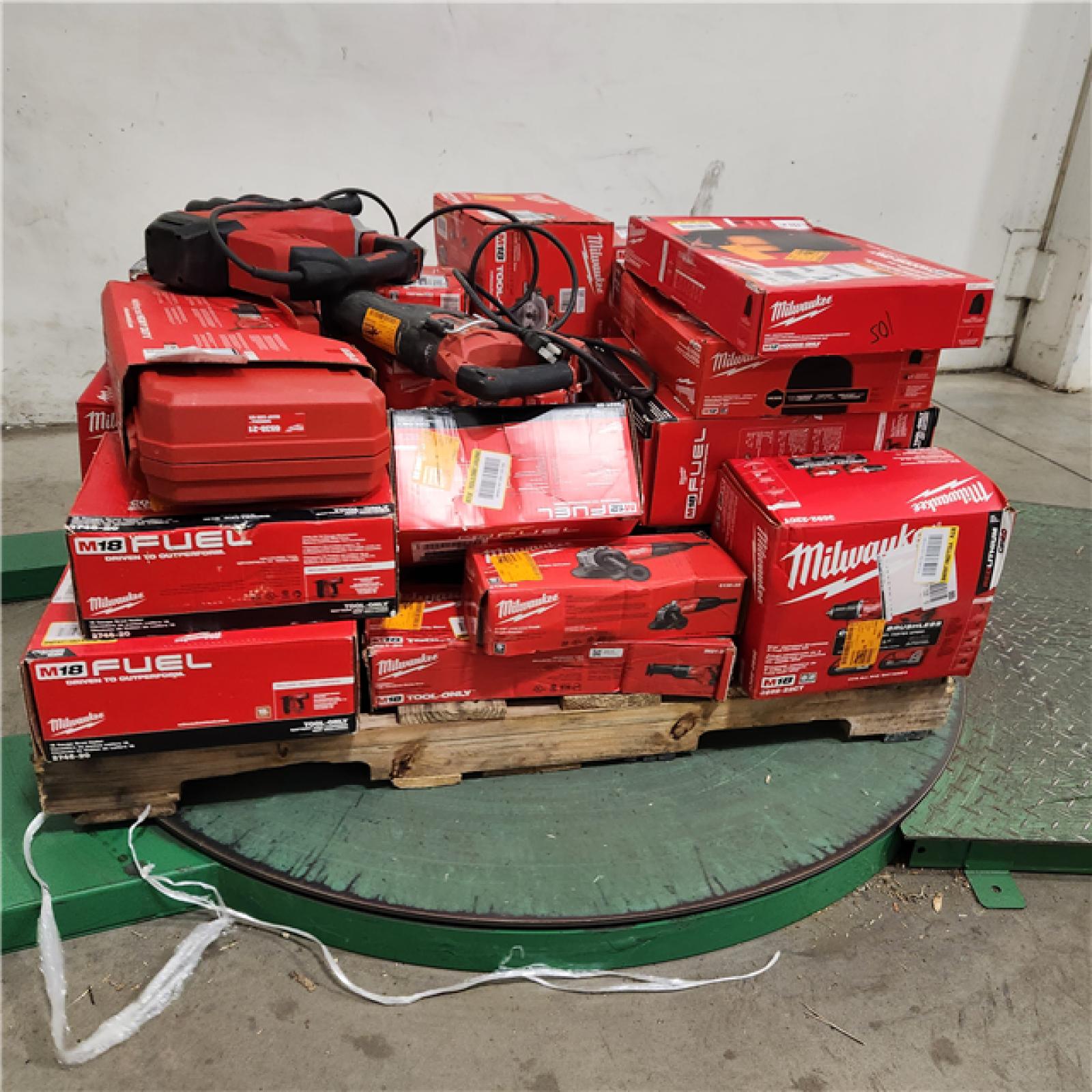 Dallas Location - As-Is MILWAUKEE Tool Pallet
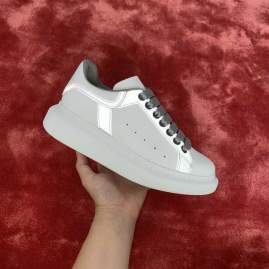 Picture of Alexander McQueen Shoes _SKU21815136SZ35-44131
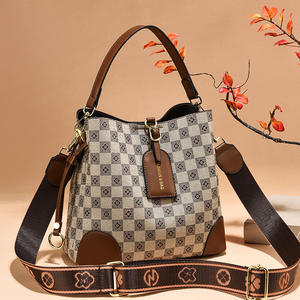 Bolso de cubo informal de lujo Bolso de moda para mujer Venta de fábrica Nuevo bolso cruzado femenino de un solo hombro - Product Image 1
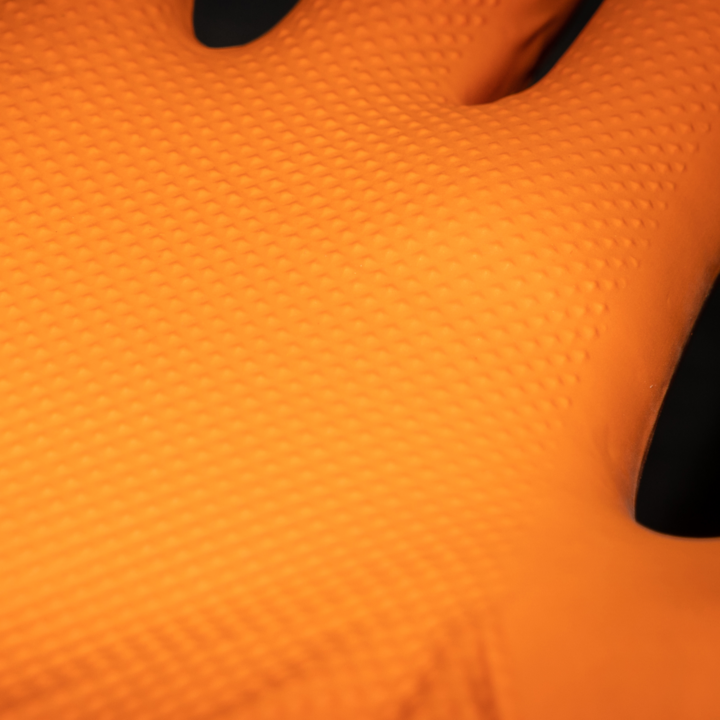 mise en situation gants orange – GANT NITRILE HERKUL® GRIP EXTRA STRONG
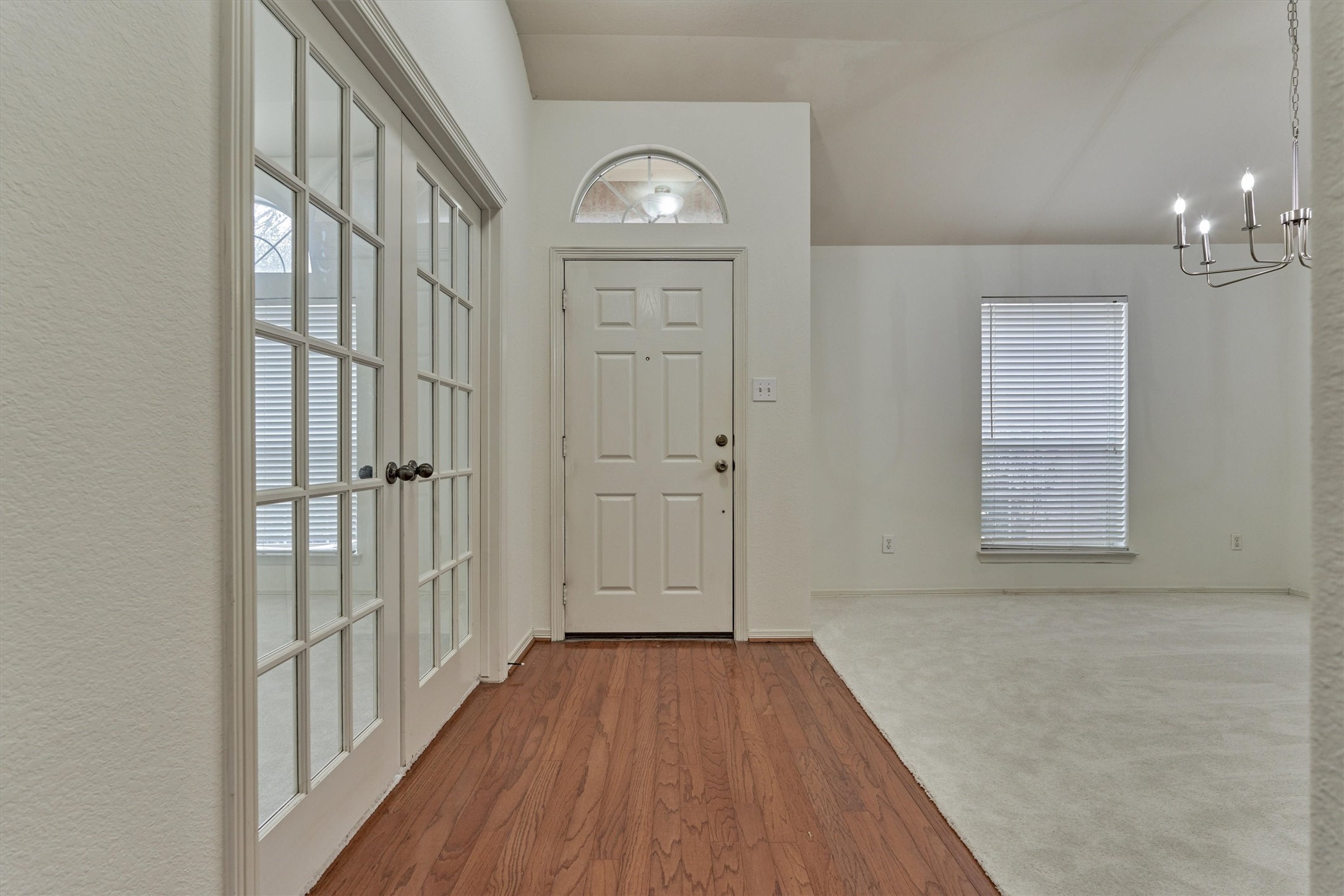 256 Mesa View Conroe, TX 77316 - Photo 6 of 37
* * *
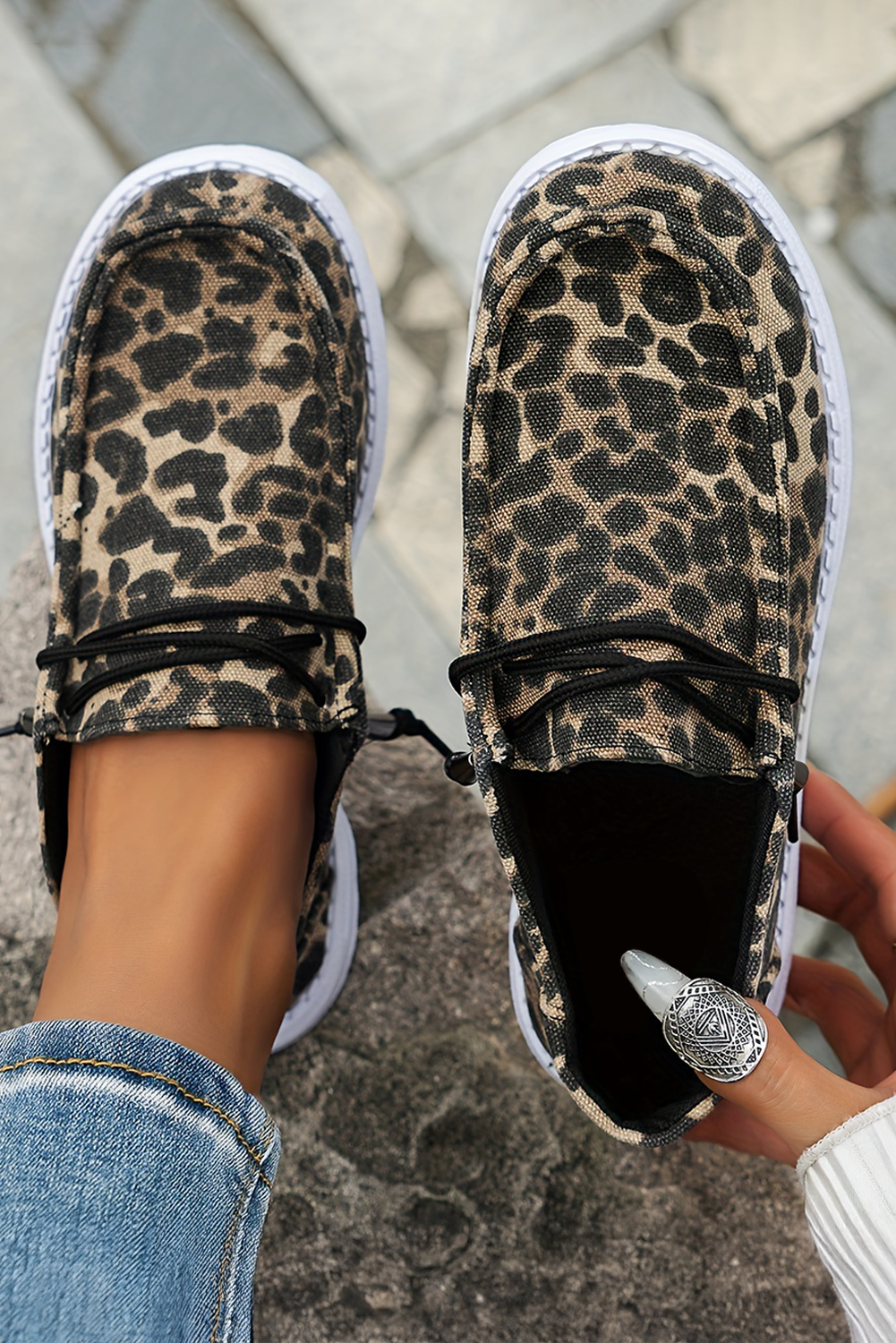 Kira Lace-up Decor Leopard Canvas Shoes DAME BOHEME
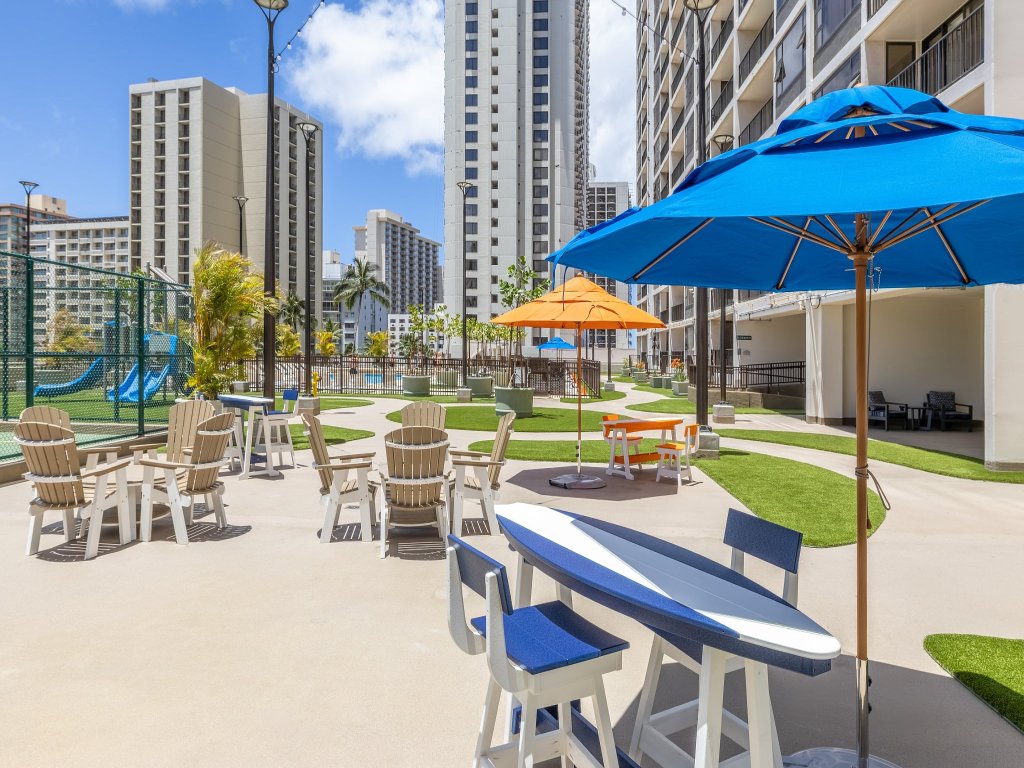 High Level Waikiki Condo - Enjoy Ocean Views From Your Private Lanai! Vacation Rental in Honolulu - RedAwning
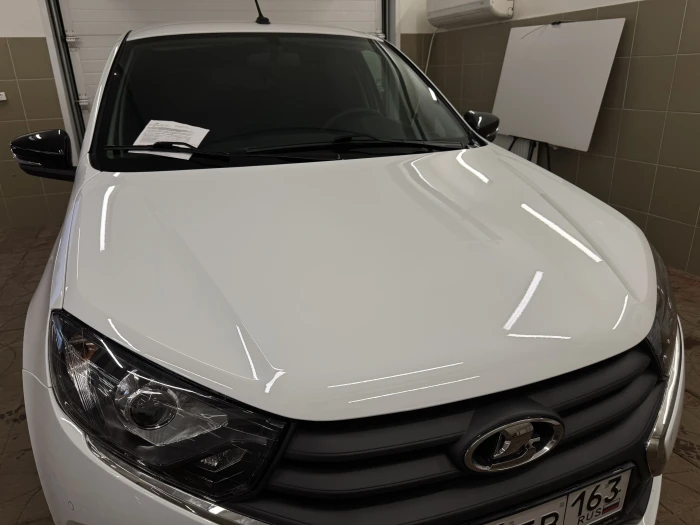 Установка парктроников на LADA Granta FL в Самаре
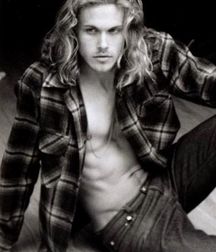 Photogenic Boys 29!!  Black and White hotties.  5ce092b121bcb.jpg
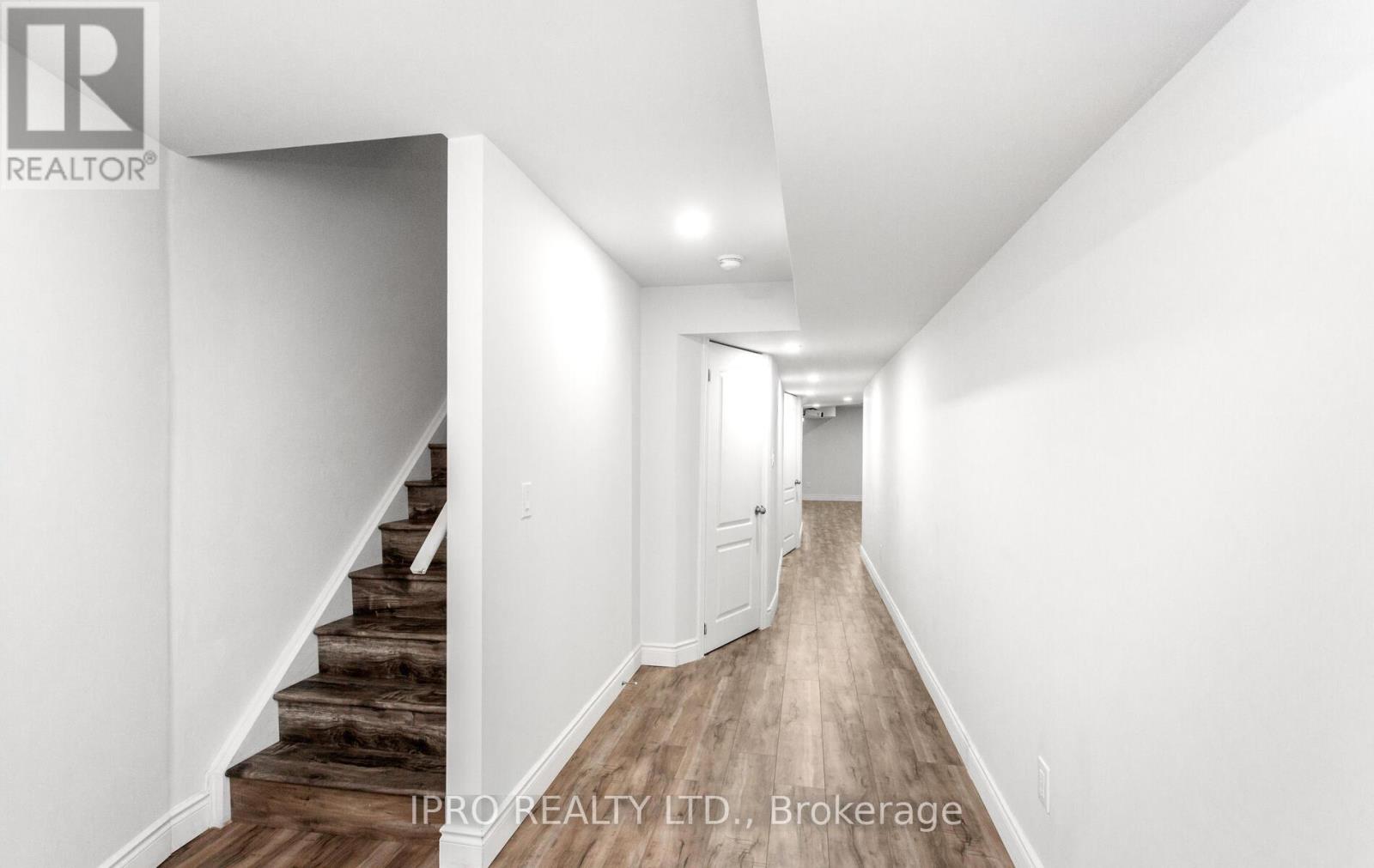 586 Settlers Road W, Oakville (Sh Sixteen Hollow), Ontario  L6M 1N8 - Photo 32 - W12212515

**What to do**
Restate word for word the lines of the data above that begin at the line with "Bolso de cubo" and end at the line with "256 Mesa View", keeping both ends and dropping every picture.

**Final answer**
 Bolso de cubo informal de lujo Bolso de moda para mujer Venta de fábrica Nuevo bolso cruzado femenino de un solo hombro - Product Image 1
 mise en situation gants orange – GANT NITRILE HERKUL® GRIP EXTRA STRONG
 256 Mesa View Conroe, TX 77316 - Photo 6 of 37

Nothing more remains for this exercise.